Selecting lag order for VAR model with *weekly* seasonal data If this has been asked elsewhere, I apologize - I've looked around and while there is lots of discussion about selecting lag order for VAR models, I haven't found anything addressing my specific question.
It seems that with VAR models there is a consensus that selecting a lag order to match the data's seasonality is usually appropriate (so lag=4 for quarterly data, 12 for monthly data). I am using weekly time series data that exhibits strong seasonality, so based on this point I suppose I could set the lag order to 52 - but  my instinct is that this would be absolutely ridiculous, lead to over-fitting on the data, and not produce a reliable forecast.
I'm not going to pretend to be a PhD researcher or anything; I've just been relying on the VARselect function in R which recommends a lag based off of AIC (or other specified criteria). I have lag.max set to 10, and am using the lag recommended by AIC (lag=6). This seems reasonable to me, but I don't want to make a theoretical mistake by not using a lag that aligns with the data's seasonality and am just looking for some confirmation that this is appropriate.  Thanks!

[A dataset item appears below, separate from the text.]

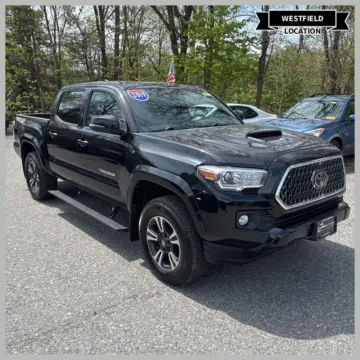 Black 2019 Toyota Tacoma TRD Sport V6 for sale in Westfield, IN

 A: You can not set lags for VAR model based on frequency data, you should look at ACF and PACF to choose number of lags. Particularly in VAR model with multiple predictors, you need to look how many lags correlated with the other variables. After that you should experiment with many different choices of lags and other parameters and look at all accuracy measurements outcome as well at the plot, to choose the best model.
A: 
It seems that with VAR models there is a consensus that selecting a lag order to match the data's seasonality is usually appropriate (so lag=4 for quarterly data, 12 for monthly data).

There's no such consensus, and seasonality should not be dealt with by autoregression. If you have seasonal trends/patterns, you should deal with this by detrending. Specifically, you need to include a term for time of year. If you have seasonal sales data, a good regression to run might be something like lm(x ~ predictors + autoregression + sincosn(day/365.24)). Here, sincosn denotes an n-th order trigonometric polynomial (sometimes called a Fourier series), i.e.:
sin(θ) + cos(θ) + sin(2*θ) + cos(2*θ) + ... sin(n*θ) + cos(n*θ)
You can determine an appropriate order for n by using AIC (or AICc, which fixes a rather large small-sample bias for AIC).
I suggest reading more on time series analysis here, or better yet looking through the documentation for the R package Prophet.